Gagasan ini memberikan kesempatan kepada orang dewasa untuk melakukan analisis kritis mengenali lingkungannya, untuk memperdalam persepsi diri mereka dalam hubungannya dengan lingkungannya dan untuk membina kepercayaan terhadap kemampuan sendiri dalam hal kreativitas kapablitasnya untuk melakukan tindakan. Fasilitator dan peserta belajar hendaknya bersama-sama bertanggung jawab terhadap berlangsungnya proses pengembangan fasilitator dan peserta belajar.
4. Jack Mezirow
Mezirow adalah Teacher College Universitas Columbia, beliau mengemukakan: “Belajar dalam kelompok pada umumnya merupakan alat yang paling efektif untuk menimbulkan perubahan dalam sikap dan perilaku individu”.
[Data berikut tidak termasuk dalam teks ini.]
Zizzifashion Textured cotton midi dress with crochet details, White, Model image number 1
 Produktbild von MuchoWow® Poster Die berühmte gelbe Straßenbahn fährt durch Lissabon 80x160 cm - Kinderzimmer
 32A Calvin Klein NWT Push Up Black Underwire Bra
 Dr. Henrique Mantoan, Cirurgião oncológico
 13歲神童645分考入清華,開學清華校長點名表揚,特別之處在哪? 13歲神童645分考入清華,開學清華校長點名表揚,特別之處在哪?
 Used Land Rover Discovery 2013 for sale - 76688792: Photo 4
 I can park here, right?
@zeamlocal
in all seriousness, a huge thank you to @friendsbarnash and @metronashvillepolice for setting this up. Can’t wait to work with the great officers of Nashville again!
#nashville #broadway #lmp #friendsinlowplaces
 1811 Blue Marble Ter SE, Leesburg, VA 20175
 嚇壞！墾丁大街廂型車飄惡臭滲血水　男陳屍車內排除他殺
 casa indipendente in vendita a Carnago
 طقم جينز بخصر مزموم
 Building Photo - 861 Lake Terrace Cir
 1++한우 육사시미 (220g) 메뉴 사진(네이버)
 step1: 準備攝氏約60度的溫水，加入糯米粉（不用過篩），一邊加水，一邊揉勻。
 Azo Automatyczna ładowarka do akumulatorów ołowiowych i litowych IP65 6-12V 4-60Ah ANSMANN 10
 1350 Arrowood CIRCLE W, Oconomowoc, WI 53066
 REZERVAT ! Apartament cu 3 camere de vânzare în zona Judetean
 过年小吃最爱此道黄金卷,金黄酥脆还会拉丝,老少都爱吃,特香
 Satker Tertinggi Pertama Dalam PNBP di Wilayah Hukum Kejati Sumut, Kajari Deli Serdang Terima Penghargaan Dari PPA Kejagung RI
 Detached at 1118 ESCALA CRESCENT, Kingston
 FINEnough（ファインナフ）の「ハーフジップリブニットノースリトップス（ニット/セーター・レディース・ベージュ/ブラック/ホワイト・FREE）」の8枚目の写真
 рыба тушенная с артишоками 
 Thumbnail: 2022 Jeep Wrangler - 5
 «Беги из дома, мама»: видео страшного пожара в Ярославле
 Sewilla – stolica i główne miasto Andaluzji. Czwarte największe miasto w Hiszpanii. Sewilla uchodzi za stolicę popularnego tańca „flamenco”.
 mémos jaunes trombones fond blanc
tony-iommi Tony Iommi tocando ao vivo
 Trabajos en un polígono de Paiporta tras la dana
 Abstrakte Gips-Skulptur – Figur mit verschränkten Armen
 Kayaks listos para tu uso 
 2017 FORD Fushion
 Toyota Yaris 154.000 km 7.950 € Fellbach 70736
Mezirow berpendapat bahwa pendidikan sebagai suatu kekuatan pembebasan individu dari belenggu dominasi budaya penjajah, namun ia melihat kemerdekaan dari perspektif yang lebih bersifat psikologis, dan kegiatan belajar sebagai suatu metode yang dapat digunakan untuk mengubah realita masyarakat.
Keinginan belajar terjadi sebagai akibat dari refleksi pengalaman, dan ia menyatakan adanya perbedaan tingkatan refleksi, menetapkan perbedaan refleksi dan menetapkan tujuh tingkatan refleksi yang mungkin terjadi dalam masa kedewasaan, yaitu:
a. Refleksivitas: kesadaran akan persepsi khusus, arti dan perilaku
b. Refleksivitas Afektif: kesadaran akan bagaimana individu merasa tentang apa yang dirasakan, dipikirkan atau dilakukan.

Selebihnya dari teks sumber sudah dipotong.